Companies doing business globally face a number of challenges ensuring that their business practices do not run afoul of legislation in different jurisdictions.

However, according to Jeffrey W. Cottle, London-based Partner with the international law firm Steptoe & Johnson, the development of global standards is easing the pain of developing appropriate compliance standards for companies operating in multiple jurisdictions. But it should be noted that at the same time as standards are being globalized, so is enforcement of these standards, as companies are encountering more multi-jurisdictional and sometimes simultaneous enforcement efforts.

“We are seeing a trend toward a global set of standards, where standards are becoming ‘jurisdictionally agnostic.’ In other words they are not peculiar to any one jurisdiction.”

Cottle says that the push toward global norms arises from the fact that companies themselves are becoming more global. However, while the trend is evident in many sectors, he notes that some industries and indeed countries are at a more advanced stage of harmonization with common compliance standards than others, with factors such as enforcement levels driving these developments.

The compliance specialist points to several recent multi-national enforcement cases involving Norwegian and Swedish companies as catalysts for Nordic companies to be more proactive about their compliance programs.

“The Nordic oil and gas industry and telecoms industries have been hit hard by enforcement actions, so they have become fairly forward-thinking with respect to compliance. Other sectors with a lower level of enforcement may be less proactive,” Cottle observes.

Multi-jurisdictional enforcement on the rise

Standards are not the only aspect of corporate compliance steadily internationalizing to head off possible corruption. Enforcement is also matching the trend, with more multi-jurisdictional enforcement actions likely. With increasing information sharing among national enforcement authorities, a global enforcement network is arising, Cottle says.

“Gone are the days when a local enforcement authority finding out about a particular piece of malfeasance would have only local repercussions. It’s fair to say that we have specific examples of information sharing among enforcement agencies throughout the world,” he adds.

While multinationals are coming under growing pressure to ensure compliance with internationalizing standards, enforcement authorities are also feeling the heat if they fail to intervene in known infringements.

The Steptoe Partner points to the role of international NGOs in compelling local authorities, including in the Nordics, to step up their game in terms of enforcement. In other cases, enforcers may also lean on their counterparts in other jurisdictions to take action in cross-border cases.

Sanctions, whistleblowers assuming growing importance

The imposition of a rash of economic sanctions as part of recent geo-political developments also has implications for corporates doing business globally.
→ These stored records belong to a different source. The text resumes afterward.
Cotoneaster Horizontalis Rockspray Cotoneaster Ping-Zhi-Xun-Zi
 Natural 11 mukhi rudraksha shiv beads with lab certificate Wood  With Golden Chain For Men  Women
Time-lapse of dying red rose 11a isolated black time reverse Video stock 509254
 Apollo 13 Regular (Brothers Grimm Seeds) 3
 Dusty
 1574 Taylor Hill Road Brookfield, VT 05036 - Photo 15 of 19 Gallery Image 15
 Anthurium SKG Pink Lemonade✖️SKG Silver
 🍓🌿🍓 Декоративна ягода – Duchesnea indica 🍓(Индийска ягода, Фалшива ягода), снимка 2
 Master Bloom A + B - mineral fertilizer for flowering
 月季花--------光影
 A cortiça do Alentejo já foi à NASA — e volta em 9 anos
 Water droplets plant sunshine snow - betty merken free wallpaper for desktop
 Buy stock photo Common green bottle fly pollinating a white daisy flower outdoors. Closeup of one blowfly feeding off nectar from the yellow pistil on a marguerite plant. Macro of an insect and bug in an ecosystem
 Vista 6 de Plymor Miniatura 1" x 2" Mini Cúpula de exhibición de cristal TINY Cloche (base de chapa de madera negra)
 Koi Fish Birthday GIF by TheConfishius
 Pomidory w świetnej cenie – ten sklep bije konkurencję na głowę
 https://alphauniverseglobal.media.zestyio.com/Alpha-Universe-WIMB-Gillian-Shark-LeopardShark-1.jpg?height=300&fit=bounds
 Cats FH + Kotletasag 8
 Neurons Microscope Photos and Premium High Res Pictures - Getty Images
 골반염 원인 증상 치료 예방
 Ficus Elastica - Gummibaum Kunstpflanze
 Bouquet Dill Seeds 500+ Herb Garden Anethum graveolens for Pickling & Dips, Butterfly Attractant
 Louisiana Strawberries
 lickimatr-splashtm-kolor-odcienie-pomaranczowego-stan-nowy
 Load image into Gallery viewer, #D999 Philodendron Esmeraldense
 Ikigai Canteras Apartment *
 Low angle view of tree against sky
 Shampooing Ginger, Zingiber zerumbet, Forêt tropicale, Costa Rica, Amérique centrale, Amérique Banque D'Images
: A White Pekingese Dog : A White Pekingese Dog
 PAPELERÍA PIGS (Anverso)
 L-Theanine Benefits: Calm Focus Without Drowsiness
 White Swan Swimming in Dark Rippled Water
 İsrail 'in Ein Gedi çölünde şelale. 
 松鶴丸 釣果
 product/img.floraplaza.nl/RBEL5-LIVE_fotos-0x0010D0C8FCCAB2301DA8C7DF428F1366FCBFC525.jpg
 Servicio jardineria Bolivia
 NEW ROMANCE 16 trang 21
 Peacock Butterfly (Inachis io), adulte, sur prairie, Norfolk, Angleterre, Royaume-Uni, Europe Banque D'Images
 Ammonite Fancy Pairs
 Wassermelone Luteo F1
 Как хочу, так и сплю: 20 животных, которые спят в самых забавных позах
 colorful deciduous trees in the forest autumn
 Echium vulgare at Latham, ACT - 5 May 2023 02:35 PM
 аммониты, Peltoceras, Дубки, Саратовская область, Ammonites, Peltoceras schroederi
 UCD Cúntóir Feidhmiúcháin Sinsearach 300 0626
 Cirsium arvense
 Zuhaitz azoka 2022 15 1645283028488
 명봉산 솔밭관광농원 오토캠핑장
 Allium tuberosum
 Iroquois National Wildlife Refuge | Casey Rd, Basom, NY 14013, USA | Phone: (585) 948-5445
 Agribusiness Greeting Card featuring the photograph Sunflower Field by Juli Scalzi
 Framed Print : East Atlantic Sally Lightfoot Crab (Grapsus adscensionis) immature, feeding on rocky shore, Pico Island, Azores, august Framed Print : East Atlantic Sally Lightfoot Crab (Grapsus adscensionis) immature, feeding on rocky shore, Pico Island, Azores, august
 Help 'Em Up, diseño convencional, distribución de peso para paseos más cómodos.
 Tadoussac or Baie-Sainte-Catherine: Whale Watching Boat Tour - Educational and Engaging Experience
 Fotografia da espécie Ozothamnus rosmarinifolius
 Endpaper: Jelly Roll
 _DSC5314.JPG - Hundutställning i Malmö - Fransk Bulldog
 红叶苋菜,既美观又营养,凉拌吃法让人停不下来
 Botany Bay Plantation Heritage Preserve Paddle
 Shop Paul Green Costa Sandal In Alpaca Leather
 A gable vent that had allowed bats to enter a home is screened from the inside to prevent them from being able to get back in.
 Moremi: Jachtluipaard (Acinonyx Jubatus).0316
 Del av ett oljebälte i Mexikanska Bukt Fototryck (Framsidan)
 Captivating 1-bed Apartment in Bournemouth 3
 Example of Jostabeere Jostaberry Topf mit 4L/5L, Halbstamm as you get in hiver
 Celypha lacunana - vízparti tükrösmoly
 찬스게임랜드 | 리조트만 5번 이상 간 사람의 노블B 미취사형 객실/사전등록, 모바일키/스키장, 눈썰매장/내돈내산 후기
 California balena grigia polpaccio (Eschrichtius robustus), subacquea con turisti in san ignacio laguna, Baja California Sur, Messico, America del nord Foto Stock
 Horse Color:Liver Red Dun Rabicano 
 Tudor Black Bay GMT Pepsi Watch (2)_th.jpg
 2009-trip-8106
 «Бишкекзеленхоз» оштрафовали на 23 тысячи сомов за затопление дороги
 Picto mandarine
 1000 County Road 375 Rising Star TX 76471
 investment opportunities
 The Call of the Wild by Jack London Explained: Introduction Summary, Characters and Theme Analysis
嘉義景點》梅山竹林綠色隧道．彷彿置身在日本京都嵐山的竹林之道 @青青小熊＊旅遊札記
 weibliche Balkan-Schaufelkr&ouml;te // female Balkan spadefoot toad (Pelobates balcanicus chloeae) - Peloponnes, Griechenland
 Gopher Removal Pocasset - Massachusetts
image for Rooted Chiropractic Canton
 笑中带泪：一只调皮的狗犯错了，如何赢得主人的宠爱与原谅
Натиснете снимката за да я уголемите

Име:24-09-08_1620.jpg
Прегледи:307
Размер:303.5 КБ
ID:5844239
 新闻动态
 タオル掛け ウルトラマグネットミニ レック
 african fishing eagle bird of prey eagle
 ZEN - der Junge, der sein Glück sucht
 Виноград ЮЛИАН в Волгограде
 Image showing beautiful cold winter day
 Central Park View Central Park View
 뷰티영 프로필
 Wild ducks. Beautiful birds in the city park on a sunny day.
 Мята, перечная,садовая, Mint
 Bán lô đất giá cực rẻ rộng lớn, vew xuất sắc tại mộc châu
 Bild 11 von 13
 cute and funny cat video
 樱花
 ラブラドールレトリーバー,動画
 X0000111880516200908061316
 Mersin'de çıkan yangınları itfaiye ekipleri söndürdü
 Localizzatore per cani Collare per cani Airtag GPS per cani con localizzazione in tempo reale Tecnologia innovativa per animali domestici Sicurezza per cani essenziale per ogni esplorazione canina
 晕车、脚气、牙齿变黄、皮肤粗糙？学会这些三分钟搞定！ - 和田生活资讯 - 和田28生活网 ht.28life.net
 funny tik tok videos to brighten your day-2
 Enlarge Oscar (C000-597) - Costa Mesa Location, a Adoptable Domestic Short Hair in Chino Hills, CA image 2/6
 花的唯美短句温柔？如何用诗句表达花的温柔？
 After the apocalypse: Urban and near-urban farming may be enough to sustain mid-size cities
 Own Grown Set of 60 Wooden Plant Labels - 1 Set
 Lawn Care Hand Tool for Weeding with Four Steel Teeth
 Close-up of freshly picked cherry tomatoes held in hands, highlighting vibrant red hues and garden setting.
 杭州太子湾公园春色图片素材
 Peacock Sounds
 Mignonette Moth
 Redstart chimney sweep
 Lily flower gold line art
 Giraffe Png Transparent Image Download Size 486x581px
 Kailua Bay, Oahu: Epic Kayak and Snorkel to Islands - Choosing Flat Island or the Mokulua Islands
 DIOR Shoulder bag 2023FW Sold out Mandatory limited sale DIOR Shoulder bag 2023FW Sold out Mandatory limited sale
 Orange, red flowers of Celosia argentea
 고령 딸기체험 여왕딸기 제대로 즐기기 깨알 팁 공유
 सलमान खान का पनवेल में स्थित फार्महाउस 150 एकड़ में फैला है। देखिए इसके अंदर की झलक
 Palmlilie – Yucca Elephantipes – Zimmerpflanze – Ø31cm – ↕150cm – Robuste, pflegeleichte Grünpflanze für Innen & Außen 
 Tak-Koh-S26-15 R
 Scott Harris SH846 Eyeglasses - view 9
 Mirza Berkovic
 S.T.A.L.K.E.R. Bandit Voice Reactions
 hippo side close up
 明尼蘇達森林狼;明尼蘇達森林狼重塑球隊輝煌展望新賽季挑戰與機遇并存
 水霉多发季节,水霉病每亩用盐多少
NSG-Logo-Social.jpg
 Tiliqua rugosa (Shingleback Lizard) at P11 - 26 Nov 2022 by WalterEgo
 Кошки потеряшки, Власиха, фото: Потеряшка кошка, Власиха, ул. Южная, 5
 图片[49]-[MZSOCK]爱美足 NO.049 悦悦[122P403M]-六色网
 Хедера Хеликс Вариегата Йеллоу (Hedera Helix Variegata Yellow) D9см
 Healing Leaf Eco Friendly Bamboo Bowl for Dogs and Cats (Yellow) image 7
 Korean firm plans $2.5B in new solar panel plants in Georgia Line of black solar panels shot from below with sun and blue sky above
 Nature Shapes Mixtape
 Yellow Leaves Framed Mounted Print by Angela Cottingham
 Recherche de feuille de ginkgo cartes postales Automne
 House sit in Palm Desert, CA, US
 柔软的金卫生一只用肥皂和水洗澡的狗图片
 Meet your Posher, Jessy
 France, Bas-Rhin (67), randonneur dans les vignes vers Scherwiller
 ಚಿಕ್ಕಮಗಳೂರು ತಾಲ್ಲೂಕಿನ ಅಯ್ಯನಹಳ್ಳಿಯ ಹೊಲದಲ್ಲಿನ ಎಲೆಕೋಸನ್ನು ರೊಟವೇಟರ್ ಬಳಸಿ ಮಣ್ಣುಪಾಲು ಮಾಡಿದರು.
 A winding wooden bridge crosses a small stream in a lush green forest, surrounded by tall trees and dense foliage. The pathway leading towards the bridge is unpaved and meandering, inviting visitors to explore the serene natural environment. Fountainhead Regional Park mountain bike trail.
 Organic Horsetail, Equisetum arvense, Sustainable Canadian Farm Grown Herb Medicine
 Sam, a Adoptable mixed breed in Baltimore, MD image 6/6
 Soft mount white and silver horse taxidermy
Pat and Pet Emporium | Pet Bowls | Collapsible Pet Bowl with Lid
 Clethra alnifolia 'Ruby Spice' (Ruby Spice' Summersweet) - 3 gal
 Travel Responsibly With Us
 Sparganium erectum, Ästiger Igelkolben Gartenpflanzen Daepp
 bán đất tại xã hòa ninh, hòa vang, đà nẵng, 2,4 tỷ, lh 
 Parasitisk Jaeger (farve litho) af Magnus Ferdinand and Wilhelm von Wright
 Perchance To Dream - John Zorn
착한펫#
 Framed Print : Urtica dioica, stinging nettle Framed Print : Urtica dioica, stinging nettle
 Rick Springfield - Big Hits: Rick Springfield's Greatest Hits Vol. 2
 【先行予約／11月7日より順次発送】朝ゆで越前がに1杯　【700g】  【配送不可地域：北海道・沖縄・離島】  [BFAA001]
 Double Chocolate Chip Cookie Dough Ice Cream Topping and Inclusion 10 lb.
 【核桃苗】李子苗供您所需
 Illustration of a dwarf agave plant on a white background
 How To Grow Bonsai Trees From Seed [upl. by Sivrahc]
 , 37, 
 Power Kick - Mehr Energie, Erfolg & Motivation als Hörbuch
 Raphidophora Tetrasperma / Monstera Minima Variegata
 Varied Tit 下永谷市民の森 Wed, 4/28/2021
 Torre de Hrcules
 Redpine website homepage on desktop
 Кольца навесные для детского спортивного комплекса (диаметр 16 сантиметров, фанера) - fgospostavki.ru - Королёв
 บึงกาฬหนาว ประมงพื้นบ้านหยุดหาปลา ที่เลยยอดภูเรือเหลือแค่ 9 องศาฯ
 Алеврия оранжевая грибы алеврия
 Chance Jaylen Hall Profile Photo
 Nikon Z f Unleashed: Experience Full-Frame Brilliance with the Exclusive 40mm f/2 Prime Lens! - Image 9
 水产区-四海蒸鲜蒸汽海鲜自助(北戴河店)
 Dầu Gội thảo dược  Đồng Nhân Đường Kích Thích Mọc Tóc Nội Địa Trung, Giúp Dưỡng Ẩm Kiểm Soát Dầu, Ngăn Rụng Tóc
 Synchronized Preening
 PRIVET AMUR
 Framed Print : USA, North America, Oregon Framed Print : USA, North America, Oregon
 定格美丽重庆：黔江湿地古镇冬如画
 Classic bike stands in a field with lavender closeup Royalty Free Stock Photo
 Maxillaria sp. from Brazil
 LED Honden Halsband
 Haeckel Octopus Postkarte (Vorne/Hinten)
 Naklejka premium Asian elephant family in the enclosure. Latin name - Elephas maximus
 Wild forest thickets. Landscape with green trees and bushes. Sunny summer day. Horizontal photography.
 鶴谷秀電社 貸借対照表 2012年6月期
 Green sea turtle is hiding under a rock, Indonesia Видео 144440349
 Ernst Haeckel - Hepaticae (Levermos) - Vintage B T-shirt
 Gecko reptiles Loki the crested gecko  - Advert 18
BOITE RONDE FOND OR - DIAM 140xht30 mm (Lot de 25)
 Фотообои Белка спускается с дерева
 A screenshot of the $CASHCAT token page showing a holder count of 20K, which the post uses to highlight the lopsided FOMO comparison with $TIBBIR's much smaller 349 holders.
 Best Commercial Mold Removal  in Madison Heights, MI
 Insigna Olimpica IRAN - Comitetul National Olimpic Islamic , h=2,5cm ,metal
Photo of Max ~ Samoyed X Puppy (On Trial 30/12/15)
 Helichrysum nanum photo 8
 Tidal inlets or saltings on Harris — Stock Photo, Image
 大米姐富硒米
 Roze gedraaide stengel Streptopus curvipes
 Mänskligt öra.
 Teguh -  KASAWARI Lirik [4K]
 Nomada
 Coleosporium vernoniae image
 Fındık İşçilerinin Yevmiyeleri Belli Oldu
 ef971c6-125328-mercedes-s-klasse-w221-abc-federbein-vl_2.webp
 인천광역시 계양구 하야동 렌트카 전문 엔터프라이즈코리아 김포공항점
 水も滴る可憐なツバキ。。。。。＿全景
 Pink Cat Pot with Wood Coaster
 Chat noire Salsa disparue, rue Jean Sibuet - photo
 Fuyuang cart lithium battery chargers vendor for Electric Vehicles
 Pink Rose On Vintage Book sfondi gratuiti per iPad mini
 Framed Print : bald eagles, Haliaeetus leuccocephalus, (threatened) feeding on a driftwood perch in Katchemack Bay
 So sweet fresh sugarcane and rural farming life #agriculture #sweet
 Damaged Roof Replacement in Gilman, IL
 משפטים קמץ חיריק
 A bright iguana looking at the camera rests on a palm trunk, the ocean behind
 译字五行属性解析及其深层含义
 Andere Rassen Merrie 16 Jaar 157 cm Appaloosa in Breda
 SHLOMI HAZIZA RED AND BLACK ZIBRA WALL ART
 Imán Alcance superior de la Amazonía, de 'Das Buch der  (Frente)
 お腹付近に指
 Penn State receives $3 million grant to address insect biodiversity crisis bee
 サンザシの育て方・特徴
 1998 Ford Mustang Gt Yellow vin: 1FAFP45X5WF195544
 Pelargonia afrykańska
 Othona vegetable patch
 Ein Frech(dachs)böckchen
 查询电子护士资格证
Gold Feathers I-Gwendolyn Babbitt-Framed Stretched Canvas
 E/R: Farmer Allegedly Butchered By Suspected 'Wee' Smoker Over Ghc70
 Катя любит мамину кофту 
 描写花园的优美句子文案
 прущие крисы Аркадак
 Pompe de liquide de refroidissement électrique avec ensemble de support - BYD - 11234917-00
In many cases companies have found themselves conducting negotiations in countries or with individuals subject to sanctions.

Moreover, sanctions defy a global standard because they are a national foreign policy tool. According to Cottle this puts companies in a difficult position.

“Many Nordic companies are faced with very difficult choices because they have a nexus with countries such as Russia that are the targets of sanctions by other countries (such as the US). Do they adhere to the sanctions law of all countries (including the US), or do they try to ‘parse the jurisdiction’, as we say,” Cottle remarks.

Companies with a global scope operating in a setting where multi-jurisdictional enforcement is increasingly common also face the risks caused by the rise of the whistleblower, or individuals who expose improper or criminal acts.

The introduction of financial incentives or bounties in the US for whistleblowers is likely to further increase investigations and possible enforcement action, Cottle notes. While the whistleblower risk currently affects mainly US companies, multinationals may also find themselves grappling with this trend.

Evaluating risk to develop global compliance standards

Corporates operating in a scenario in which global norms for corporate behavior are increasingly common, and where greater multi-jurisdictional enforcement is likely, will need to be more proactive in ensuring they implement adequate compliance programs, Cottle counsels. However, integrating compliance across diverse markets is a delicate dance involving mitigating risk without wasting resources, he adds.

“The challenge is not to overdo, but to meet the risk,” Cottle says.

Cottle advises companies to determine the corporate appetite for risk, an exercise that he says very few firms actually conduct.

“Everything follows from this. How the company sees hospitality, which business partners it chooses, even the jurisdictions in which it chooses to do business.”

Not only must the company’s risk tolerance be clearly articulated in strategy, it must be communicated throughout the organization, another activity that is frequently neglected.

Determining risk sensitivity is therefore the basis for a global compliance approach that includes facets such as policies and procedures, oversight and resource allocation, training and follow-up and even incentives and disciplinary measures. The ultimate goal, Cottle says, is a clear set of standards for operation and for consistent corporate behavior across multiple jurisdictions.